Est-ce bien le même Jean Daniel qui rendait, deux semaines auparavant, un hommage appuyé à Barack Obama ? « Non seulement Georges Bush n’est plus là mais il a été remplacé par un homme qui, peu après son arrivée à la Maison Blanche, a prononcé au Caire un discours qui demeurera historique. […] Malgré l’engagement difficile en Afghanistan, malgré les relations ambigües avec le Pakistan, malgré le piège libyen d’aujourd’hui, Obama fait tout pour ne plus incarner l’arrogance occidentale. Il vient d’ailleurs de le confirmer dans le magnifique discours par lequel il a annoncé l’élimination de Ben Laden » [15]. Lorsque les États-Unis « éliminent » Ben Laden, ils méritent d’être applaudis. Mais lorsqu’ils s’en prennent à « l’un des nôtres », c’est une autre histoire…
Mais surtout est-ce bien le même Jean Daniel qui parlait de notre dette à l’égard des États-Unis ? « La dette des hommes libres à l’égard des États-Unis est évidemment considérable et je n’ai aucune indulgence pour le néo-tiers-mondisme qui rend les Américains responsables de tous nos maux. » [16]. Appartenions-nous alors à la « même civilisation » ?
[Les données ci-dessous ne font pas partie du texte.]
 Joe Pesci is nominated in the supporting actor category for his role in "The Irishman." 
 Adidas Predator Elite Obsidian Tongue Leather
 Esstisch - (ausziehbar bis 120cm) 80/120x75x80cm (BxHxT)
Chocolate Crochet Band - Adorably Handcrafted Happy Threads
Jean Daniel semble donc souffrir lui aussi d’un accès (passager ?) d’anti-américanisme, mais sous une forme, reconnaissons-le, beaucoup plus développée que BHL. Un BHL au sujet duquel Jean Daniel écrivait récemment ce qui suit : « C’est un véritable intellectuel dans la mesure où il transforme attentivement ses observations en concepts : il les conceptualise » [17]. On se prend à rêver d’une conversation entre Jean Daniel et BHL, dans une émission spéciale, sur TF1 par exemple, au sujet des « concepts » de ce dernier et des irrévocables sentences qui en découlent : « La vérité, c’est que la haine des États-Unis est un thème qui a été livré clés en main par la tradition fasciste française à la gauche de l’après-guerre. À partir d’une matrice simple et dont je fais la généalogie : la rage, au fond, raciste contre l’idée même d’une nation conçue, il y a trois siècles, composée de gens venus de tous les coins du monde, sans racines, sans langue commune, sans même une mémoire partagée » [18].
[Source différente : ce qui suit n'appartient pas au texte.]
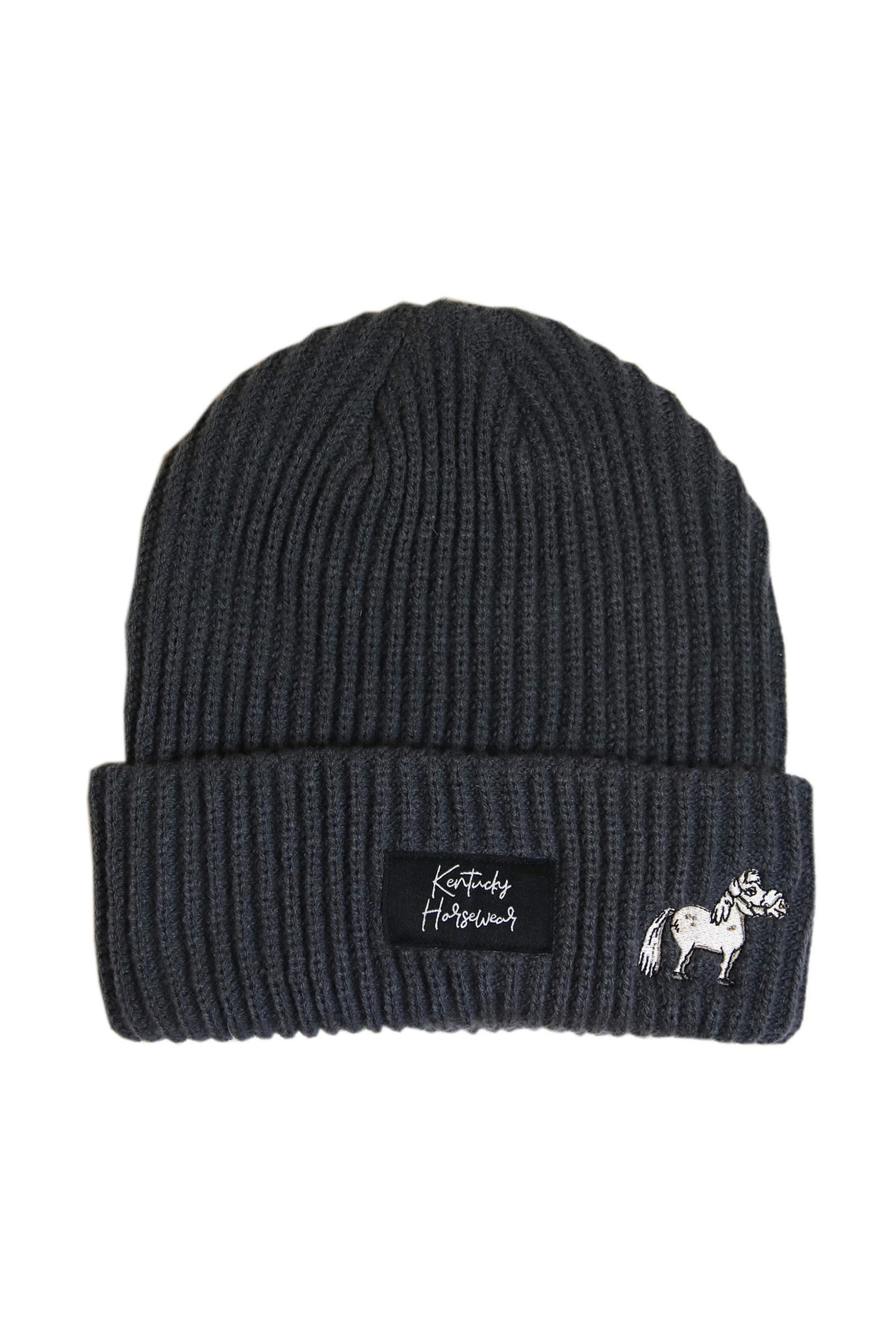 Grey Kentucky Horsewear Beanie Sammy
Du temps où il sévissait au Nouvel Observateur, Jacques Julliard paradait avec une formule dont il était suffisamment fier pour la répandre jusque dans les colonnes de Libération : « l’antiaméricanisme est le socialisme des imbéciles ». A-t-il quitté Le Nouvel Observateur pour rejoindre Marianne parce qu’il pressentait que Jean Daniel, qui se dit socialiste, est un imbécile ?
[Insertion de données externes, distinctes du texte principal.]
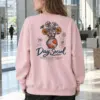 "Day Social Daisies" Heavy Blend Unisex Crewneck Sweatshirt | Gildan 18000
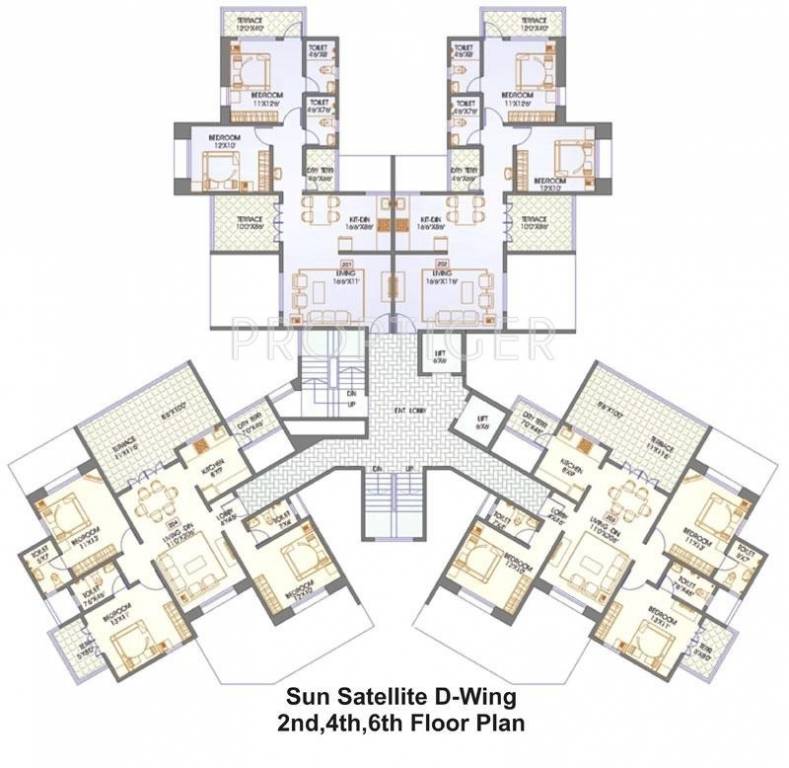 Images for Cluster Plan of Mittal Group Sun Satellite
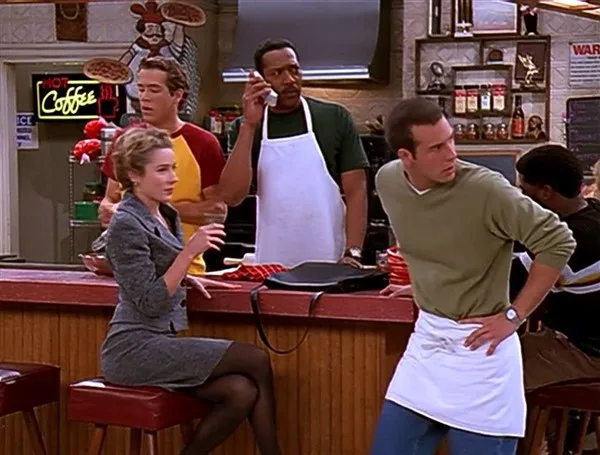 Two Guys, a Girl and a Chance Encounter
Enfin, puisqu’il faut être équitable, invitons également Jean Daniel, qui dénonce « la meute des journalistes, des photographes et de cameramen qui […] attendaient [DSK] » [19], à se rendre sur le site du Nouvel Observateur, afin qu’il se rende compte que l’hebdomadaire pour lequel il écrit chaque semaine des « Carnets de bord » n’appartient probablement plus à « notre » civilisation :
La critique des États-Unis serait-elle donc permise ? Apparemment, oui. Les fournisseurs en gros et en détails, non de traits polémiques, mais de campagnes médiatiques destinées à étouffer tout débat vont-ils cesser d’interdire toute critique des États-Unis en la taxant anti-américanisme ? Probablement pas. Les omniprésents prétendent s’arroger le monopole sur la critique et décréter ce que leur seul « bons sens » impose... Lorsqu’il s’agit de remettre en cause la politique étrangère de la première puissance militaire mondiale, pour BHL, les choses sont claires : ceux qui osent critiquer cette puissance sont – métaphoriquement... antisémites ! Mais lorsque les États-Unis s’en prennent au champion de la gauche, tout est permis, y compris les injures et les leçons de civilisation.